# Photoshop Elements: mehrere Fotos gleichzeitig bearbeiten



## LM100 (4. Mai 2009)

Hallo,

ich arbeite zwar mit Photoshop Elements 7, einer abgespreckten PS-Version,  aber die Funktion wird wohl in Fotoshop ähnlich sein. Leider gibt es dafür nicht so ein tolles Fotos wie dieses hier. So hoffe ich, hier eine Antwort auf meine Frage zu finden.

Ich habe ca. 400 Fotos, die ich als Stapel verarbeiten möchte.
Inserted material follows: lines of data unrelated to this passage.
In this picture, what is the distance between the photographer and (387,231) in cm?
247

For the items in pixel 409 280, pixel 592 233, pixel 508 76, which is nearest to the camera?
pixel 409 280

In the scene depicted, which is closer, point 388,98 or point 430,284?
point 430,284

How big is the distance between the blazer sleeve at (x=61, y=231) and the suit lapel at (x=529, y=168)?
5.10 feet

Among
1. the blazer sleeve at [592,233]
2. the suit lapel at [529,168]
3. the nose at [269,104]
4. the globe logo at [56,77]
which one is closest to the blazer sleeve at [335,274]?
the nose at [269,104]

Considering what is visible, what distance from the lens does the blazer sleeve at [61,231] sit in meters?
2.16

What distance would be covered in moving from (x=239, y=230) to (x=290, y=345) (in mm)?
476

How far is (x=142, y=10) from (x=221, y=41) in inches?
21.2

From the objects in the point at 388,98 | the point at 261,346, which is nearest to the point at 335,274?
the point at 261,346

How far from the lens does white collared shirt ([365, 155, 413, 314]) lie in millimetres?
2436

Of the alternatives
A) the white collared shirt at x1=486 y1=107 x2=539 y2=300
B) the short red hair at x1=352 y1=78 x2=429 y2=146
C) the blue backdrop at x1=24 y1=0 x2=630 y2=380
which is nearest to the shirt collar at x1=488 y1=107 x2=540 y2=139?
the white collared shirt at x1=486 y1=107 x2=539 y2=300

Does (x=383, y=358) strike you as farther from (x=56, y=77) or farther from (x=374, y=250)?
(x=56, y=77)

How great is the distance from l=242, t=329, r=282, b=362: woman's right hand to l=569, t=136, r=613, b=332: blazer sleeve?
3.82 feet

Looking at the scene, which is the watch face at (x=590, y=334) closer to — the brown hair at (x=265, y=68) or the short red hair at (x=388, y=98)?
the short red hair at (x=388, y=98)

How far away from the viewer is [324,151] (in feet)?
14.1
In PSE nennt sich diese Funktion ja im Bereich bearbeiten, Datei, "mehrere Dateien verarbeiten.

Wenn ich damit jetzt als Quelle alle Fotos im Ordner anwähle und danach einen Zielordner wähle und z.B. die Auto-Tonwertkorrektur anwähle, erscheinen die Fotos zwar bearbeitet in dem neuen Ordner, allerdings wurde die Originaldatei stark verkleinert.
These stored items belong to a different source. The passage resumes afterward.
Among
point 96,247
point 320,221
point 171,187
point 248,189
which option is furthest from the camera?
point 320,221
Hatte die Original-Datei noch ca. 3 MB, so hat die neue Dateu nur nach ca. 700 KB.
Woran kann das liegen und warum werden die Fotos verkleinert? Gibt es irgendwo eine passende Einstellung?

Lothar


----------



## Jan-Frederik Stieler (14. Mai 2009)

Hi,
also wenn du mit JPEGs arbeitest dann liegt es an der Komprimierung.
Da ich PSE nicht verwende mußt du mal schauen wo du Einstellungen dafür findest. Ansonsten ist auch die Hilfe ein guter Ort um mit der Suche anzufangen  .

Gruß


----------